Shinness Lodge was built in 1882 by the Third Duke of Sutherland as one of some 26 highland lodges he built to attract sporting tenants. Each had an allocation of land for fishing and shooting. They were tenanted on an annual basis, normally for just August and September. The Duke was thus an early chalet developer.

During the 1870s, Mr Kenneth Murray, the local Royal Bank of Scotland agent in Tain, persuaded the Duke to improve the land at the southern end of the Tirry River to grow better crops and create more productive farms. 3,000 acres were drained and peat and stones removed by standing steam engines which dragged a plough (known as the Duke's toothpick) on steel hawsers.
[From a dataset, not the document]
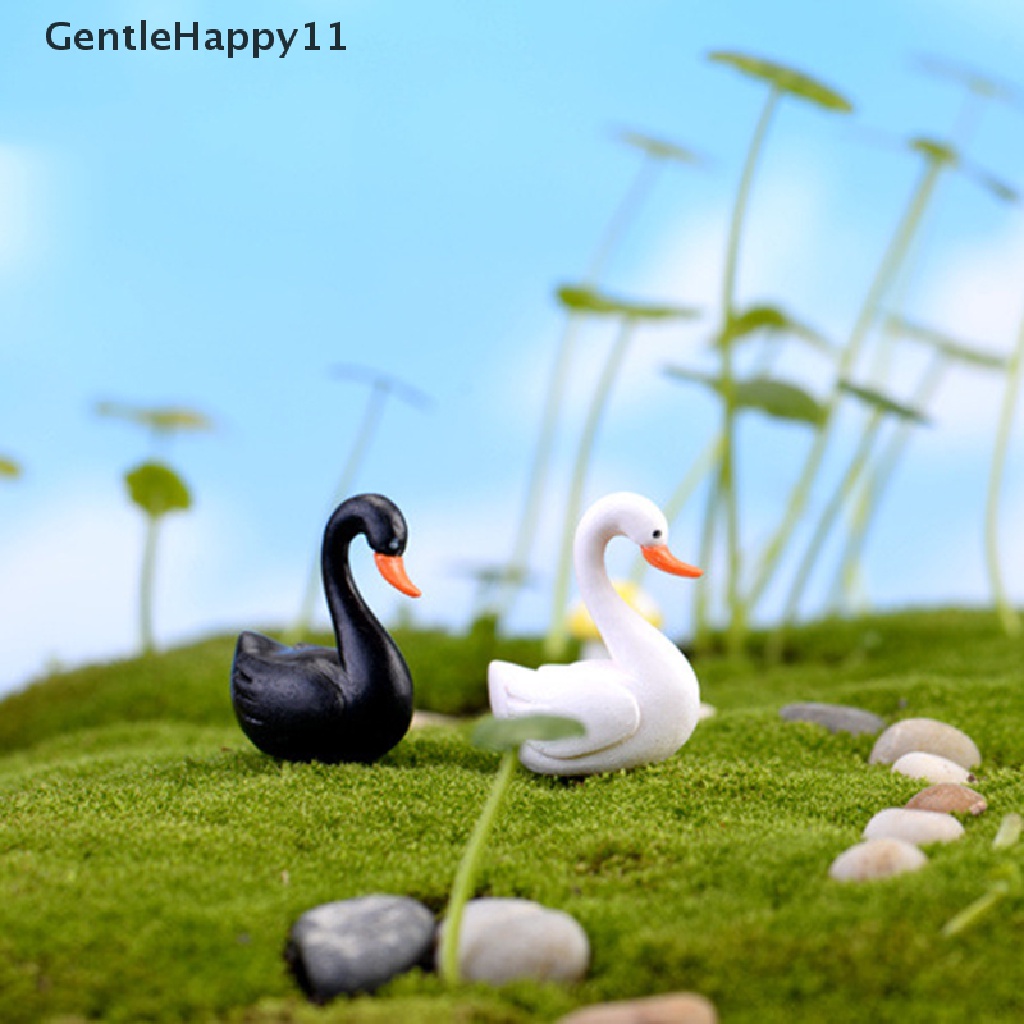 Gentlehappy Putih/Hitam Mini Swan Ornamen Taman Miniatur Patung Tanaman Pot Peri Dekorasi Taman id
The cost was vast - some £200,000. The works are now commemorated by a monument to Kenneth Murray a mile or so from the Lodge. They are also a feature of the portrait of the third Duke which hangs in nearby Dunrobin Castle at Golspie. The farms were initially tenanted by the Duke's son and others including Iain Campbell and the Gray family. Most of the estate was made available for crofting after World War I and the first tenants were returned servicemen many of whose descendants are still working the crofts in Shinness. In 1922 the estate was bought by Mr Beldam and two small pictures in the dining room recall this era of walking up grouse with dogs. The Fletcher family bought the estate in 1941 and have lived in the Lodge since 1958.